▶ _Records supplied_
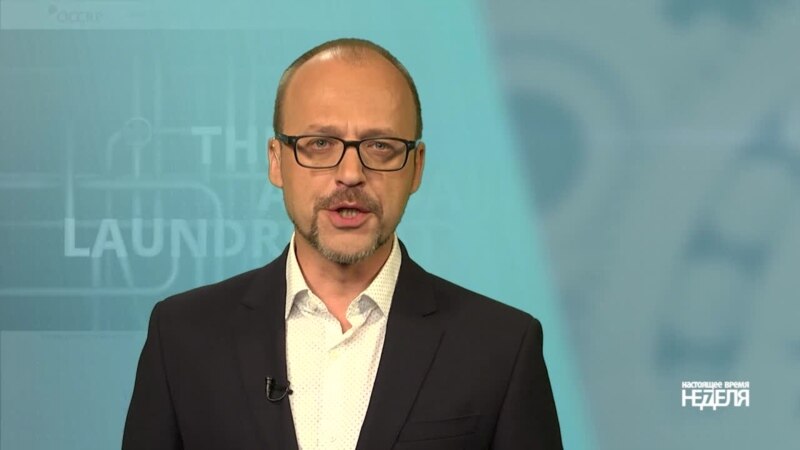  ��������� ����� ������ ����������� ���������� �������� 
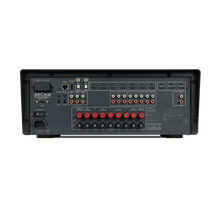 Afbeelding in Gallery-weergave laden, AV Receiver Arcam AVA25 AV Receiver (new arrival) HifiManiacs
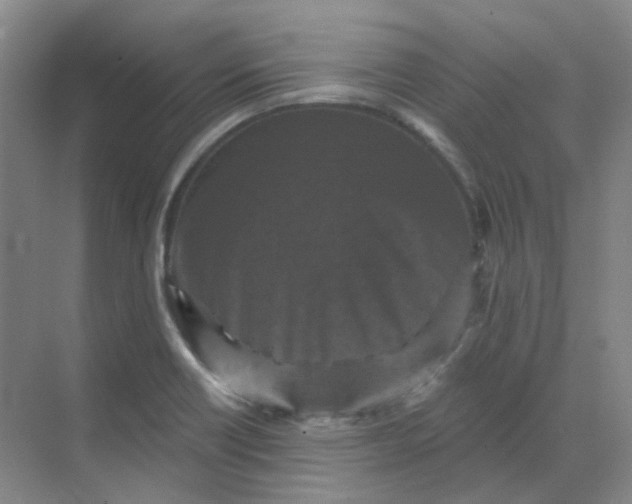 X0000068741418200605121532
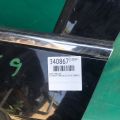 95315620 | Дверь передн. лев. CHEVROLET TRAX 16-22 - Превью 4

==

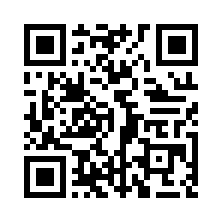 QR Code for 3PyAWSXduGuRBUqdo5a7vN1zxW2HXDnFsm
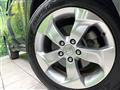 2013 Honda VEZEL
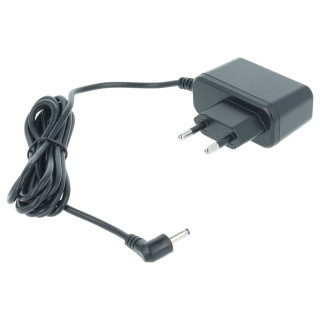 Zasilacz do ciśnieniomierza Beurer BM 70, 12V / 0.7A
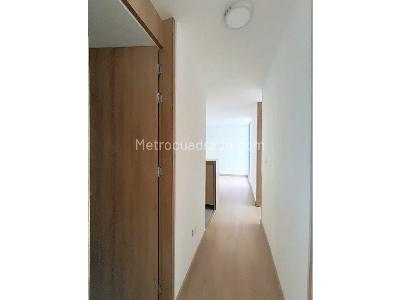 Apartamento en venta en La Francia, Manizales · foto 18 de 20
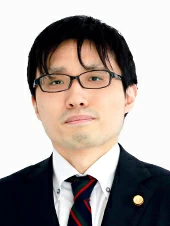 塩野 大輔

---

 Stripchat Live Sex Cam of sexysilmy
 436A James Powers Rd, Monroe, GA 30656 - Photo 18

▶ _Problem requirements_
When you reach the line with "Stripchat Live Sex Cam of sexysilmy" in the records above, start writing out lines exactly, and stop once the line with "436A James Powers" has been written; include nothing else.

▶ _Task solution_
 Stripchat Live Sex Cam of sexysilmy
 436A James Powers Rd, Monroe, GA 30656 - Photo 18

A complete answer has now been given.